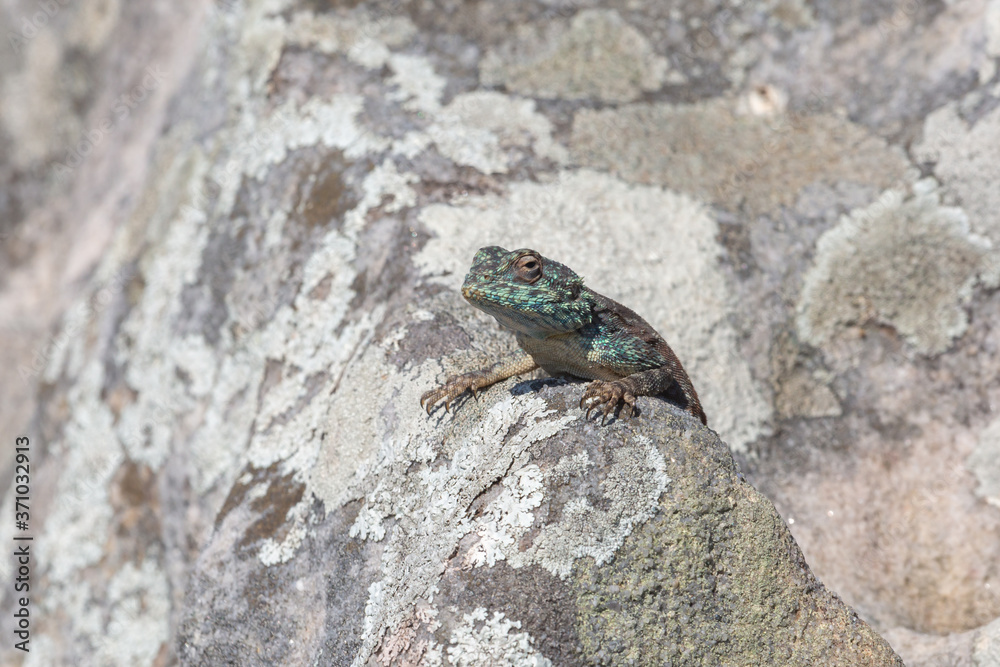 Southern Rock Agama in Umtamvuna Nature Reserve, KwaZulu-Natal, South Africa Southern Rock Agama in Umtamvuna Nature Reserve, KwaZulu-Natal, South Africa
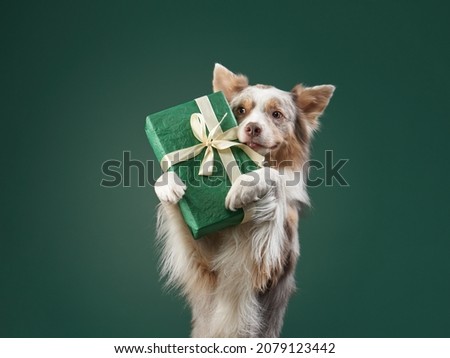 Happy dog is holding a gift. Funny Border collie on a green background.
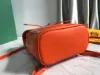 Picture of Alpin Mini shoulder bag Ref: GY020195, Size: 18.5*21.5.*8.5 cm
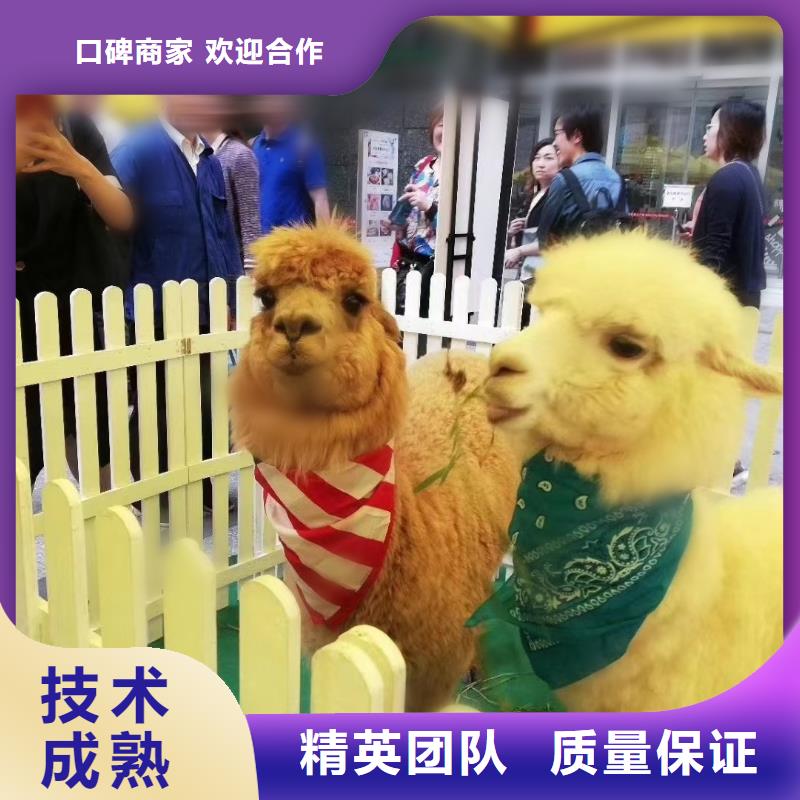 质量合格的羊驼租赁马戏团表演厂家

━━━━━━━━━━━━━━━━━━━━

Work instructions:
Pictures aside, reproduce exactly the lines from the one containing "Picture of Alpin" to the end of the listing above, both ends included.

Reply to the task:
 Picture of Alpin Mini shoulder bag Ref: GY020195, Size: 18.5*21.5.*8.5 cm
 质量合格的羊驼租赁马戏团表演厂家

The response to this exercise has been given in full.